I am going to take a different tack from many of my colleagues. Some just cannot stand President Barack Obama and have simply run out of negatives to write about him. Peggy Noonan of the Wall Street Journal has just given up and argues that “no one is listening to him” anyway.  National Journal’s Ron Fournier has declared that Mr. Obama is now desperate at this point in his term and merely “flailing”. Former George W. Bush speechwriter Marc Thiessen says that the President will be forced to stand tonight before Congress and the American people as a “liar”. It seems, to this coalition of partisans and the pissed off, that Mr. Obama is merely running out the clock for a failed presidency.

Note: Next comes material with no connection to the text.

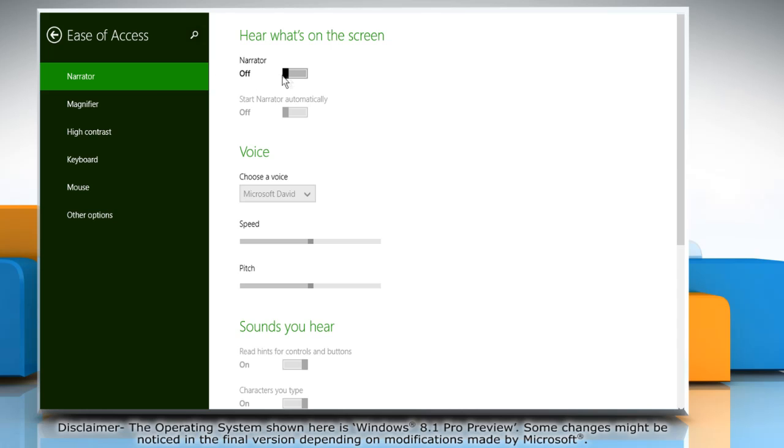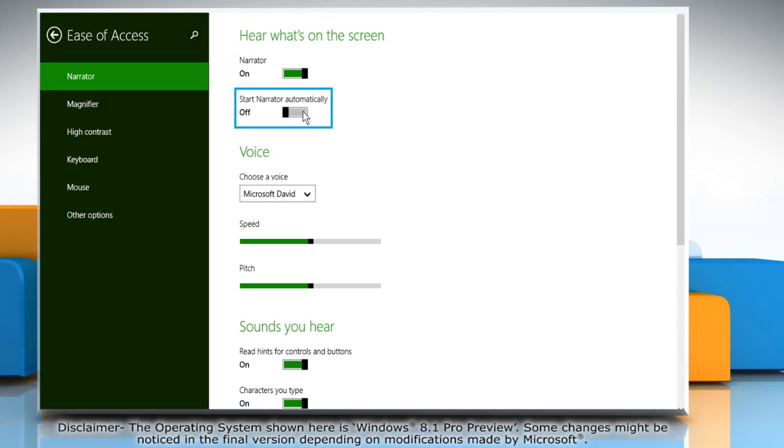To make Windows run Narrator automatically every time you log on, move the slider to the right in Narrator and Start Narrator Automatically sections.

I just don’t see it that way. To be sure, the Obama tenure in the Oval Office has not met the expectations that first carried him into the Presidency. His “audacity to hope” has met a brick wall and his experience has been too shallow to be the transformative leader we all expected. Besides, his personal aloofness has prevented him from wining and dining the opposition that he frankly detests. He doesn’t like either the politics or the people he has to deal with, and it has taken its toll.

But he delivers his fifth State of the Union message not from a position of weakness. Instead, tonight we will see a confident, not defeated, President.  His approval ticking up to the mid-forties, nothing to brag about but he is 30 points more popular than the institution he speaks before.

The opposition GOP is losing, hopelessly split, in disarray, unfocused, prone to ham-handed comments about women and reproduction, with no message to women, especially young women, or minorities.

Unemployment is down to 6.7%, from a high of nearly 10% when Mr. Obama took office five years ago. GDP growth hovers between 3% and 3.2%, the highest rate of economic growth in years.

After going eyeball to eyeball with the GOP on a budget deal, his opponents let the government shutdown once again – and once again suffered the consequences.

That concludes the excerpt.